In its latest World Economic Outlook, the IMF raised its global growth projection by 0.2 points to 3.9 percent in 2018 and by 0.2 points to 3.9 percent in 2019, partly due to the expected impact of U.S. tax cuts introduced by President Donald Trump’s administration.

“As the year 2018 begins, the world economy is gathering speed,” IMF chief economist Maurice Obstfeld said. “The recent U.S. tax legislation will contribute noticeably to U.S. growth over the next few years, largely because of the temporary exceptional investment incentives that it offers.”

The Washington-based institution raised its forecast for U.S. growth by 0.4 points to 2.7 percent this year and by 0.6 points to 2.5 percent next year, citing the expected impact of the tax reform — especially a cut in the corporate tax rate to 21 percent from 35 percent.

The 2019 growth projection for Japan moved to 0.9 from 0.8 percent.

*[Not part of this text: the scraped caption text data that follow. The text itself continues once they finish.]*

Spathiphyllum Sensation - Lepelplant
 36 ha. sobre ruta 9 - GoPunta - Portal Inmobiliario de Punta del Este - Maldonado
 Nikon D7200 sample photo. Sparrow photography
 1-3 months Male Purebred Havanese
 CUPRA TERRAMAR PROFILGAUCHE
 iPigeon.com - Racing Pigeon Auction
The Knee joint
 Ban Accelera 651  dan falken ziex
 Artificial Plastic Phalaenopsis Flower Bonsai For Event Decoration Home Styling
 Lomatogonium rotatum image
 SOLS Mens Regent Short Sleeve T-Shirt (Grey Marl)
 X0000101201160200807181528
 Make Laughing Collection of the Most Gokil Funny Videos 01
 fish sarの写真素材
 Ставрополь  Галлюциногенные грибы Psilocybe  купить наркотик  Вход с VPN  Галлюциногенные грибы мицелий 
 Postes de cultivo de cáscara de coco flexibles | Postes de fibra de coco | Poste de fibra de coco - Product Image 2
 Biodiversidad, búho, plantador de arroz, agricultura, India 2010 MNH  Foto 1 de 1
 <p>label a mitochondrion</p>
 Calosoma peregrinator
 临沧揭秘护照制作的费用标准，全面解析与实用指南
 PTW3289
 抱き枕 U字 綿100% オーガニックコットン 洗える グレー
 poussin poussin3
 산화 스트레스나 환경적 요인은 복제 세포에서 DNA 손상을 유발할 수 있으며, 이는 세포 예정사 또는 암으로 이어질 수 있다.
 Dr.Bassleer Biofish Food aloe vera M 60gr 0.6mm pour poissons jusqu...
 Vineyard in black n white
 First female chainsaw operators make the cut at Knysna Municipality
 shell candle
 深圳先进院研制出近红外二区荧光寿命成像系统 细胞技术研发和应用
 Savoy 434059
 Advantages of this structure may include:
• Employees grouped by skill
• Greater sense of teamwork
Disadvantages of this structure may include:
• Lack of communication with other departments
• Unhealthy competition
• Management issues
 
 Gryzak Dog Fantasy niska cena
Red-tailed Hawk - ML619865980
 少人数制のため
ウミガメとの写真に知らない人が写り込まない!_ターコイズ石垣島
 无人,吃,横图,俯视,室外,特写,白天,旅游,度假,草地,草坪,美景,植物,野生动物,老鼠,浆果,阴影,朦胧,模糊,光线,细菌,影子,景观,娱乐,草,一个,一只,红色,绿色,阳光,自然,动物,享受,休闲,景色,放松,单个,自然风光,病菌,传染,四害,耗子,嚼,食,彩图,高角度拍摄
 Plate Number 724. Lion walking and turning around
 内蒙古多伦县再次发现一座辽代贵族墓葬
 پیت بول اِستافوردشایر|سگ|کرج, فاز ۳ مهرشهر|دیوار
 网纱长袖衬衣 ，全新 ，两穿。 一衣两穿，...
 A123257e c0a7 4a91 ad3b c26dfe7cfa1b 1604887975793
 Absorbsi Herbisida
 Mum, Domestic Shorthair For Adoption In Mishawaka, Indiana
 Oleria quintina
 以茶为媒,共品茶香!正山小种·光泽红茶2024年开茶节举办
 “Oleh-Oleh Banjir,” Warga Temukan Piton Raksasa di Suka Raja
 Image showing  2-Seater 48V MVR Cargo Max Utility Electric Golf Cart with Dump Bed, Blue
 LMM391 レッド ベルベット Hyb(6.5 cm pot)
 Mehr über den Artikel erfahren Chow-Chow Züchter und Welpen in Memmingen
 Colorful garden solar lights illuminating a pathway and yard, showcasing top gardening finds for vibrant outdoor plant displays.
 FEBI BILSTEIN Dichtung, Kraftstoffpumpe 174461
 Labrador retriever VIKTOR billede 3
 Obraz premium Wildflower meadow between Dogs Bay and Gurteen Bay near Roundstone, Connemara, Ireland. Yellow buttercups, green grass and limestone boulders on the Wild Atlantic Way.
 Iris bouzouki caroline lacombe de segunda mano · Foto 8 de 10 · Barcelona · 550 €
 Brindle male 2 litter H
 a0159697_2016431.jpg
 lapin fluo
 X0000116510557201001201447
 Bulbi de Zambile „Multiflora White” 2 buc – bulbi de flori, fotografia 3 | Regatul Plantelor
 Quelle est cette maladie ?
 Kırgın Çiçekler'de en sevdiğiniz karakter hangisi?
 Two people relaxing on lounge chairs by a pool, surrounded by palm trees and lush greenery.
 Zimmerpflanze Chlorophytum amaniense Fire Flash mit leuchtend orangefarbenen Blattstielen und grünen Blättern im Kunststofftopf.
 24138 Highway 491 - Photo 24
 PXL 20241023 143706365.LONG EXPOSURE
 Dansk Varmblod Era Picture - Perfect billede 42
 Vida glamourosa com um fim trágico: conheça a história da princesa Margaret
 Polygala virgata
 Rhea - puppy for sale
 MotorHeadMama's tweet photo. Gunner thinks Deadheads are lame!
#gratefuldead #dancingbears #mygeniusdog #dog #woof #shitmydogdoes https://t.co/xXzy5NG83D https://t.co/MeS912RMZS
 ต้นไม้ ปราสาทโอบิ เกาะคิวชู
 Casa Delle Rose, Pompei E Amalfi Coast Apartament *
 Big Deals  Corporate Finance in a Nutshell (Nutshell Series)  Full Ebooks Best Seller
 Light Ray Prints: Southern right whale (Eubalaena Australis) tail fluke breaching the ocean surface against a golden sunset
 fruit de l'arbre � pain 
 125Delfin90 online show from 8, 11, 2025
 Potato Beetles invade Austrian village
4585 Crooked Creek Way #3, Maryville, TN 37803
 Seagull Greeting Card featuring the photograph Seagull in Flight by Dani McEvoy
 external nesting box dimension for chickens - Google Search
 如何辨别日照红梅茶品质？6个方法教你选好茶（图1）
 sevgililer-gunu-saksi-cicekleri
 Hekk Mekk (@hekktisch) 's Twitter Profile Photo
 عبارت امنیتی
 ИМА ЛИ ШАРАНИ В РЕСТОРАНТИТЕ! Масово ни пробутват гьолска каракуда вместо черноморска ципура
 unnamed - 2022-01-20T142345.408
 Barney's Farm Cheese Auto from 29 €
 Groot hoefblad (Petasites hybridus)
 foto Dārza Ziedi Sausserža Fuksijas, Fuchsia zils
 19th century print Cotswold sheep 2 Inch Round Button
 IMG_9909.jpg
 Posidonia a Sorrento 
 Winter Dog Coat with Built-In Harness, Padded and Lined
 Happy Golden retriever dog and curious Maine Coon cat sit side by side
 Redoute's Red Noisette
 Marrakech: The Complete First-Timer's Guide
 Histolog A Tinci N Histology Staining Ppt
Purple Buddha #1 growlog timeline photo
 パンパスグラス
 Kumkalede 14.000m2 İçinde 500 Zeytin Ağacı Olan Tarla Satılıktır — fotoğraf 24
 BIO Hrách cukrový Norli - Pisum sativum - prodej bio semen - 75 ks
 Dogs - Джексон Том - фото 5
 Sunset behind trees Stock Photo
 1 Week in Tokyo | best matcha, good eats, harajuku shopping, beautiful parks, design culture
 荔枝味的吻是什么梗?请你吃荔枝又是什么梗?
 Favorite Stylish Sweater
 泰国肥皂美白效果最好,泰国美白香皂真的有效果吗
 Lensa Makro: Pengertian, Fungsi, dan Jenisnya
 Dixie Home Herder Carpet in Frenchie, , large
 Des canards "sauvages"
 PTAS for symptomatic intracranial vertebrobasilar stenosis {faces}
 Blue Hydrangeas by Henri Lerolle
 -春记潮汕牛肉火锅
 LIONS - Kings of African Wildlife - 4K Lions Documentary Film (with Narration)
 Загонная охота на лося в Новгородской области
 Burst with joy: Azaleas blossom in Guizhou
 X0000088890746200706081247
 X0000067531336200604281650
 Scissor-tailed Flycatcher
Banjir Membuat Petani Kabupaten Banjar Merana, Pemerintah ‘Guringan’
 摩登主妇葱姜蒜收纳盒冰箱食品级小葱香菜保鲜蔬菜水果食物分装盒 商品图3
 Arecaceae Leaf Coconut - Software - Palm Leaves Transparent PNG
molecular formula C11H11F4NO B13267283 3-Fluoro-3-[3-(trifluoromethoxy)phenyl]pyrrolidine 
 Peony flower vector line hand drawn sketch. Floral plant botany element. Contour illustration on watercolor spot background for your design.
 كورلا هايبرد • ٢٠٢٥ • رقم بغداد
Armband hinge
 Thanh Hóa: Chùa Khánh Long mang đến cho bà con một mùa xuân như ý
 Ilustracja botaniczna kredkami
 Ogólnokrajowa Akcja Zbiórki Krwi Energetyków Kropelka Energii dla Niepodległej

However, that still represents a slower pace of growth from the estimated 1.8 percent expansion in 2017.

“The growth forecast for Japan has been revised up for 2018 and 2019, reflecting upward revisions to external demand, the supplementary budget for 2018, and carryover from stronger-than-expected recent activity,” the IMF said.

China’s growth estimate was lifted to 6.6 percent this year from 6.5 and to 6.4 percent next year from 6.3, an upgrade that also reflects stronger external demand.

The growth forecast for the 19-nation eurozone was revised up 0.3 points to 2.2 percent in 2018 and 0.3 points to 2.0 percent in 2019 due to the stronger momentum in domestic demand and higher external demand.

The estimate for five Association of Southeast Asian Nations members — Indonesia, Malaysia, the Philippines, Thailand and Vietnam — was up 0.1 point to 5.3 percent this year, while 2019 was unchanged from October at 5.3 percent.

In reflection of brisk global trade, growth in trade of goods and services across the world was revised up 0.6 points to 4.6 percent in 2018 and 0.5 points to 4.4 percent in 2019, according to the IMF.

“Our view is that the current upturn, however welcome, is unlikely to become a ‘new normal’ and faces medium-term downside hazards that likely will grow over time,” Obstfeld said.

The IMF cited geopolitical tensions, such as the rising nuclear threat posed by North Korea and faster-than-expected monetary tightening in the United States and Europe, as risk factors that could affect an otherwise sound outlook for the world economy.

“A possible trigger is a faster-than-expected increase in advanced economy core inflation and interest rates as demand accelerates,” it said.

“Inward-looking policies, geopolitical tensions, and political uncertainty in some countries also pose downside risks.”

At the same time, the IMF said the cyclical upswing in global economic activity provides “an ideal opportunity” for countries to undertake structural reforms aimed at boosting productivity and building resilience against downside risks.